City UK which is the promotional body for the financial services industry has a project aimed at restoring customers' trust. But progress is slow because you don't get results by standing on a soap box and saying, "Trust me I am a reformed character." You gain trust by doing the right thing, over and over again, one customer at a time. You do it, you live it, and eventually you get the credit.
Bank bosses in particular don't understand or accept that it comes from the bottom not the top so they keep failing to do the right thing. Thus in my local village the high street is transformed every summer by hanging baskets of flowers, organised by volunteers and paid for by all the local shopkeepers. For some, in current trading conditions, even £50 is a big ask. And guess who does not pay: the local branches of Lloyds and Barclays.
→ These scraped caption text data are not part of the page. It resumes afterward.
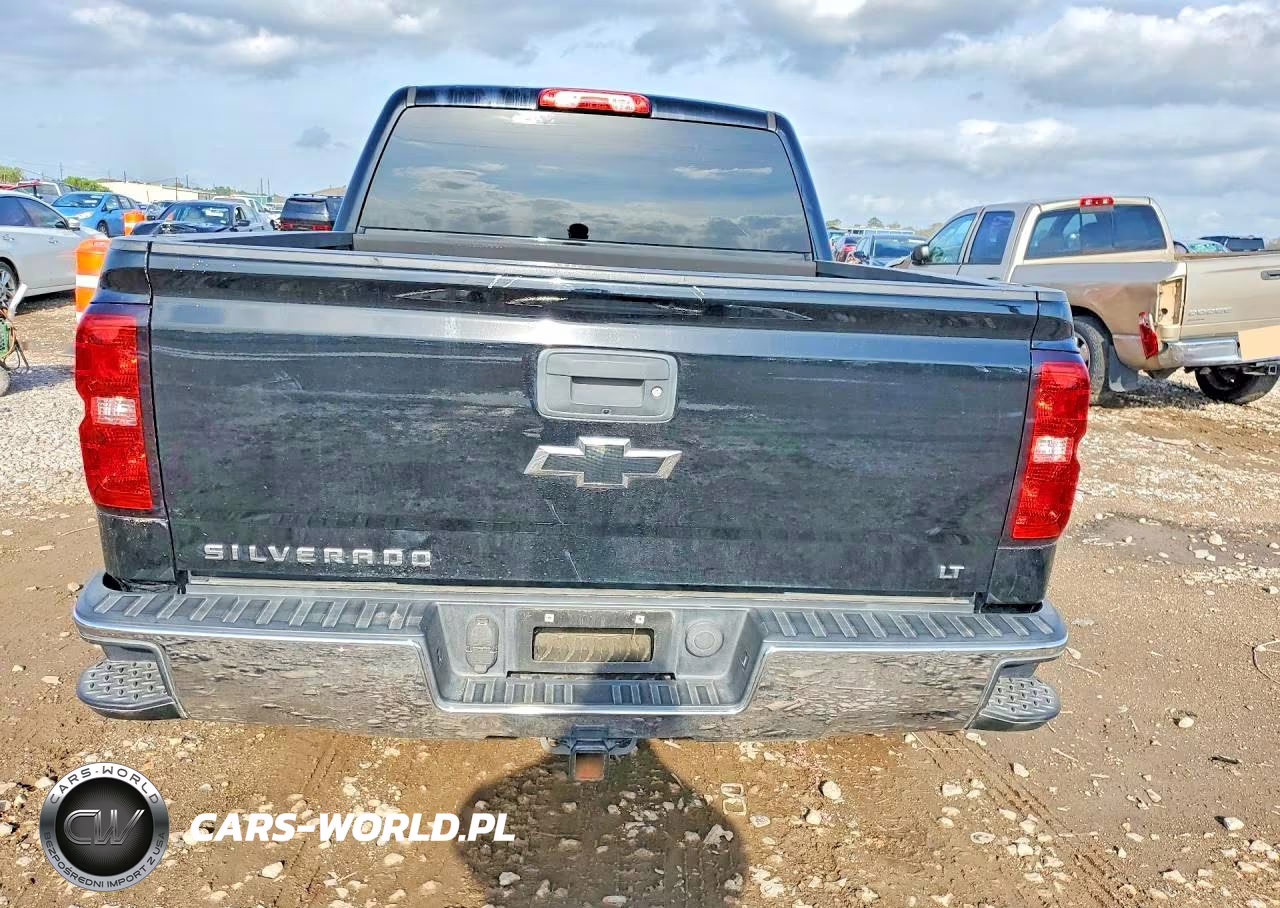 2016 Chevrolet Silverado C1500 Lt VIN:3GCPCRECXGG139250 - 6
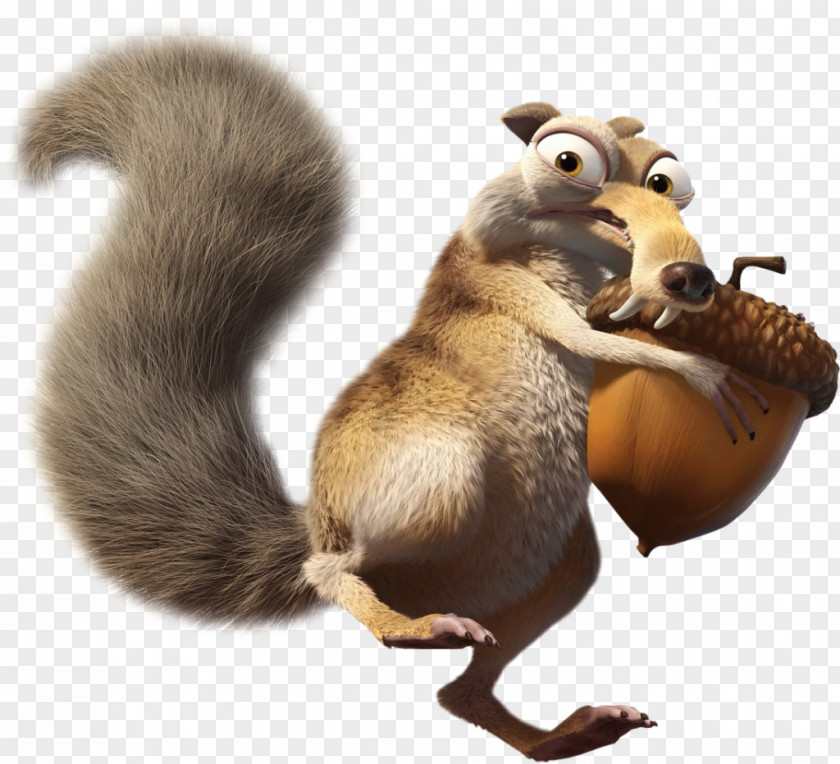 Squirrel Scrat Ice Age Film YouTube Animation PNG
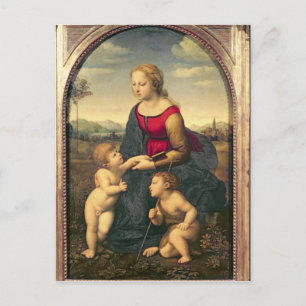 La Belle Jardiniere, 1507 Vykort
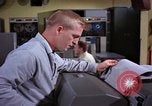 Image of technician Fylingdales Moor England United Kingdom, 1962, second 32 stock footage video 65675039578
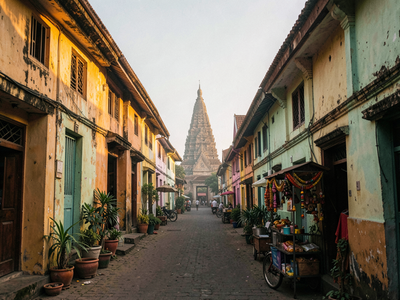 Penang and Ipoh: Where Malaysia's Indian History Lives in Stone and Spice
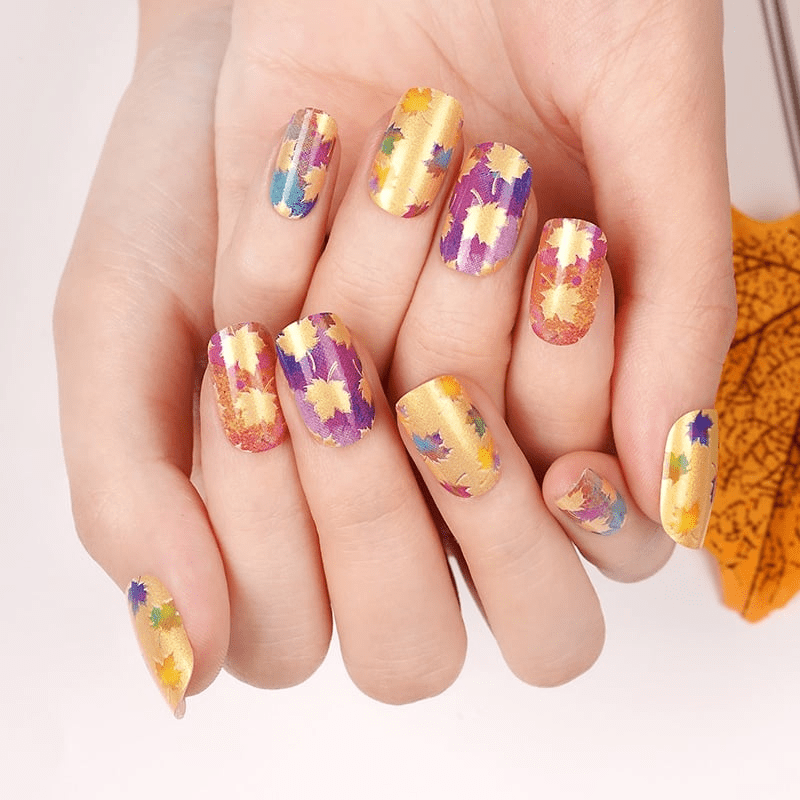 Maple Leaf - Holy Classics (Non-UV Nail Wraps)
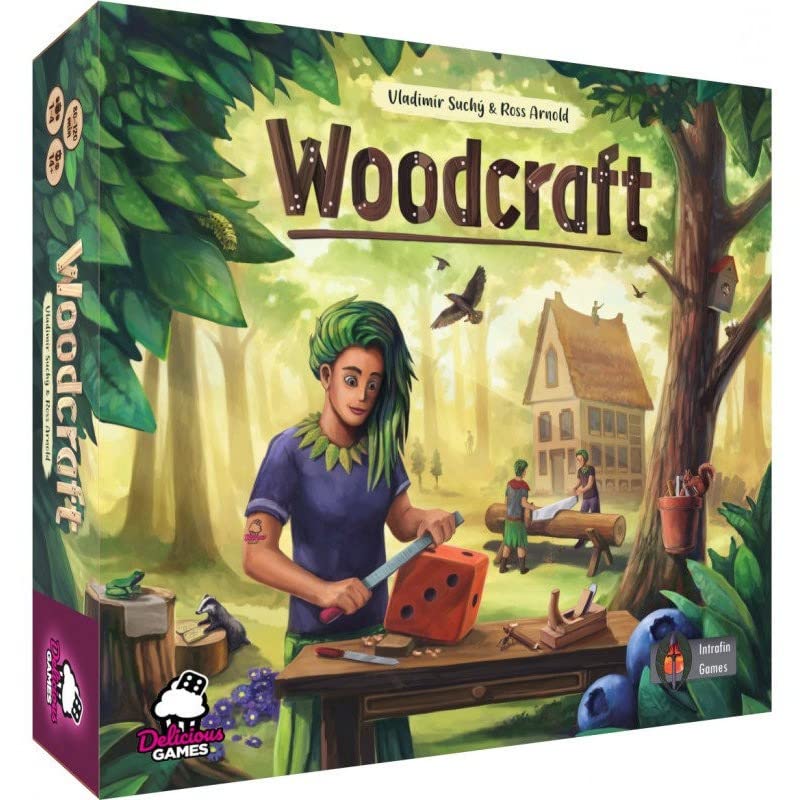 Delicious Games Woodcraft French Version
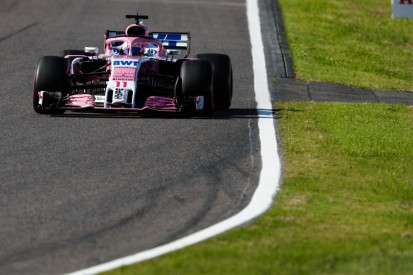 Vorbild Suzuka: Perez wünscht sich Kies und Gras auf allen Strecken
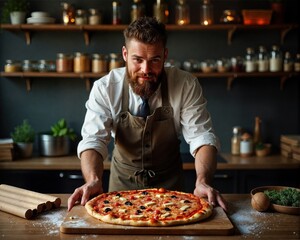 Pizza chef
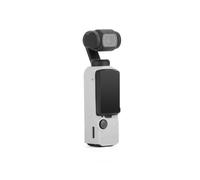 per DJI POCKET 3 Custodia protettiva in silicone, fotocamera protettiva custodia telaio Shell (Bianco)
They spend thousands of pounds every night on television to advertise how they care about local communities and local businesses and local people. They spend a further fortune on corporate social responsibility programmes designed from on high to show how they care about down below. But they will not give their local branch manager even fifty quid and the discretion for him or her to spend it on a hanging basket or any other local charity. It's not the front line staff's fault. Some years they have been so ashamed they have paid out of their own pocket.
The Bob Diamonds of this world have stripped British banking of its human face and its sense of shared values. To be trusted, bankers have to be part of the communities they are meant to serve. Yet even now those left at top – a diminishing band admittedly – still don't get it.